While it’s not exactly betrayal, being defriended can feel like it is, especially when you’re still friends with the person in real life.

Friending, liking, fans are new – well newly adopted at least – concepts that have invaded our popular culture.  We find out more about our friends through status updates than through actual dialogue.  People post their likes, their gripes and their desires faster than you can read them.  Suddenly, you realize how much or little you have in common.  Fascinating how some are willing to share intimate tidbits about their lives over the Internet, but remain cloistered in real life.
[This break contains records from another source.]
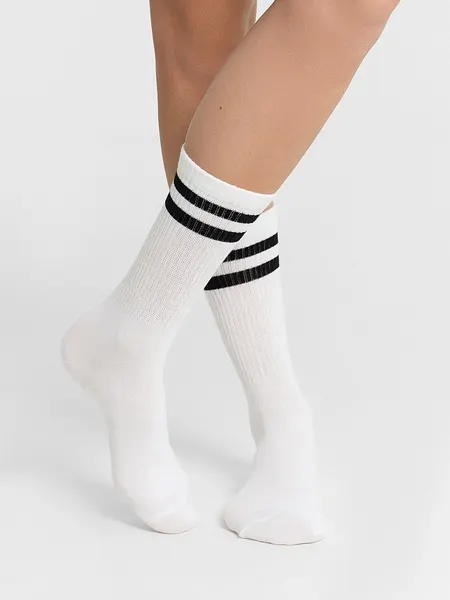 Изображение товара Носки Mark Formelle 217A-574 (р.23-25, белый-3/рис.574, 3 пары)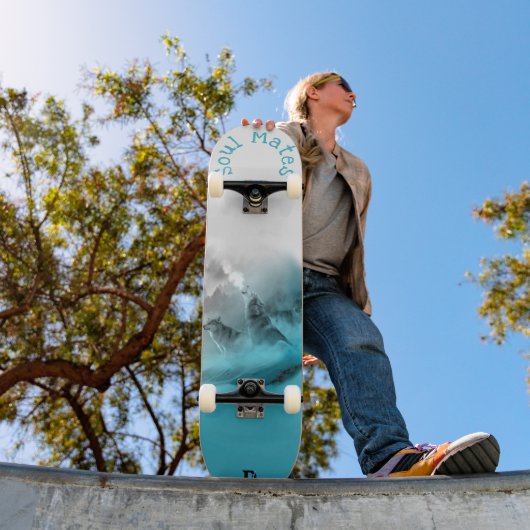 ツーウルブソウルメイトDdブランド スケートボード (室外1)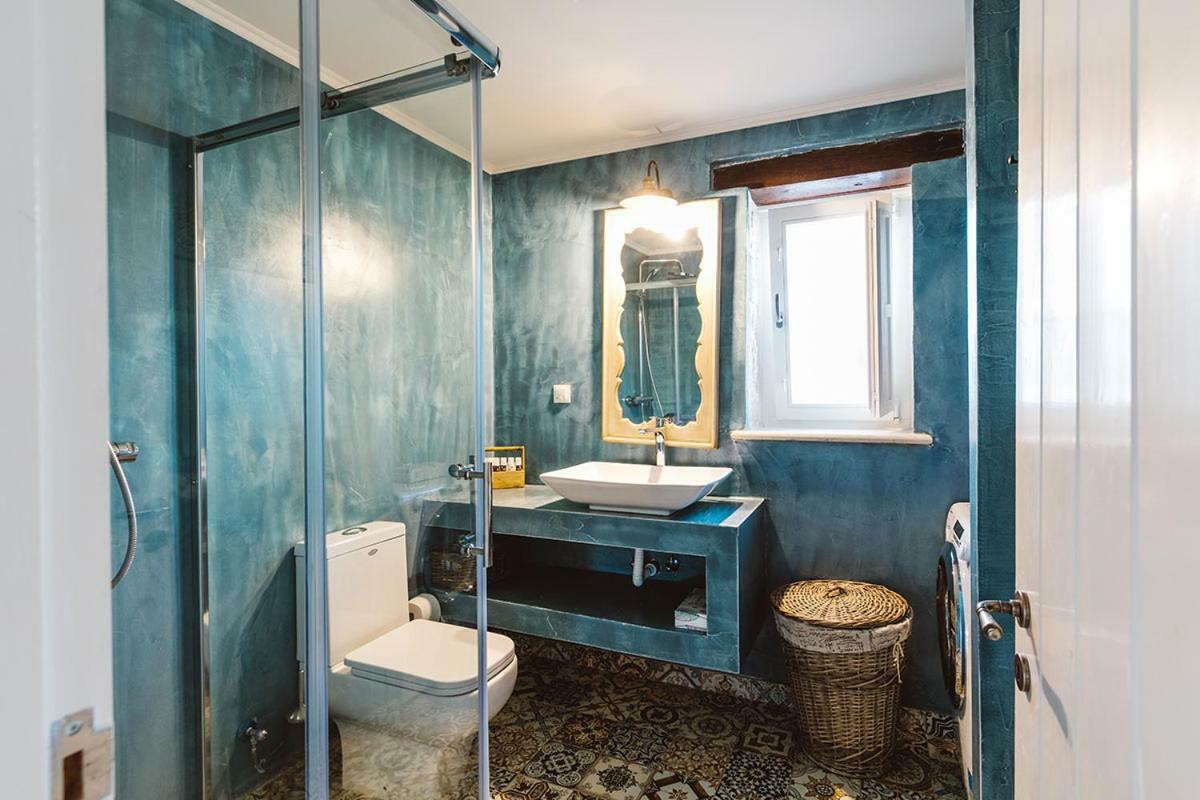 Yiameli Villas With Private Pool Skinaria Ngoại thất bức ảnh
So when a friend gives you the virtual heave-ho, can you salvage the friendship in real life?

Let me first say that I rarely post on Facebook.  Every once in awhile, I’ll update my status or respond to another post, but for the most part, internet savvy people would label me as a lurker, someone that follows the forum, but doesn’t post.  So when I get defriended, it makes me wonder why.  What’s even more puzzling is when real-not-acquaintances-who-I-talk-to-friends defriend me.  No fights, no falling out or brewhahas that would result in my dismissal.  What went through their minds as they moused their way over to the Unfriend button?  Was the decision made with guillotine swiftness or delayed like the long pause before nuclear warheads are launched?

One click, poof…friendship’s disappears faster than a magician’s rabbit.
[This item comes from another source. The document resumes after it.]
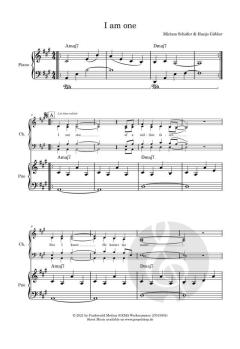 I am one von Hanjo Gäbler (Download)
It’s irreversible, once you unfriend someone, you can’t un-unfriend them.  Even if my friends regretted their decisions, there is no way to friend me back without my approval.  Facebook doesn’t allow you to see who or how many people defriended you.
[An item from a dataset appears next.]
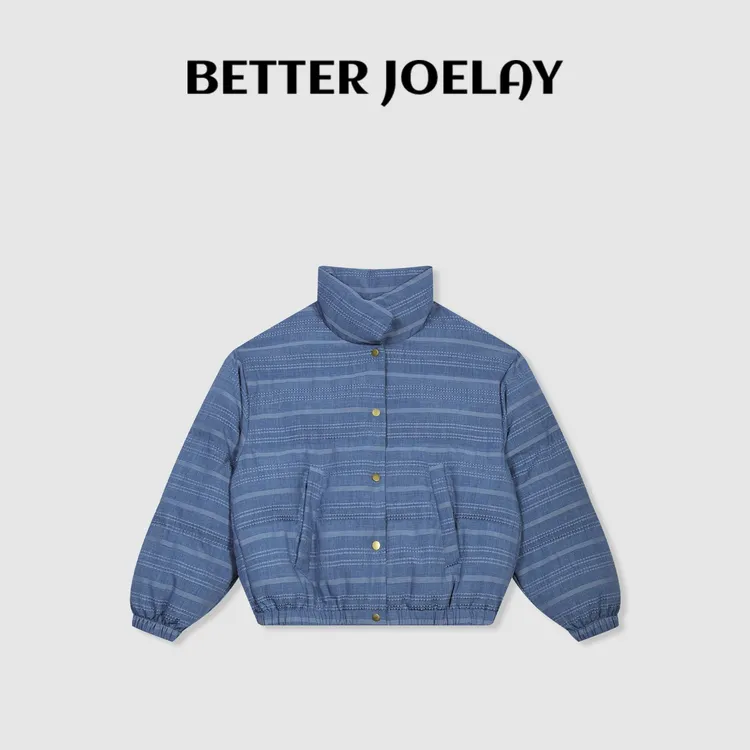 BETTER JOELAY-【爱可读数】时尚棉服保暖百搭休闲通勤风Z4989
The last time I found out I was defriended happened when a “friend” instant messaged me.  The conversation started out with the usual pleasantries until I mentioned that I hadn’t seen any Facebook posts from him.  Long pause…cue the crickets.

“I defriended you,” he finally wrote.

“Interesting,” I replied.

When questioned, he said my negativity and bitterness didn’t mesh well with him.

“Fair enough,” I responded.

“Don’t take it personally,” he added, “it’s only Facebook.”

Truthfully, I didn’t take it personally.  He was right, it was only Facebook, but what troubled me was that he still wanted to be friends with me outside of Facebook.  I guess I’m only negative and bitter online, in real life, I was rainbows and wagging puppy dog tails.

I wondered if we could still be friends, if I resented him for excluding me and that my no longer wanting to be friends in real life was retaliatory.

Defriend me will you?  I’ll show you

And if I that was true, do you blame me?  Nobody takes rejection well.

In the end, I concluded that all was not lost.  Friends exist because of connections, real ones, not the ones that plug into our computers.  I don’t know when the lines of virtual and real friendships got crossed, but I much prefer to lose the virtual one.  So what if I have one less Facebook friend, it’s not a popularity contest.

Or is it?

Sigh…I guess that’s a question for another time.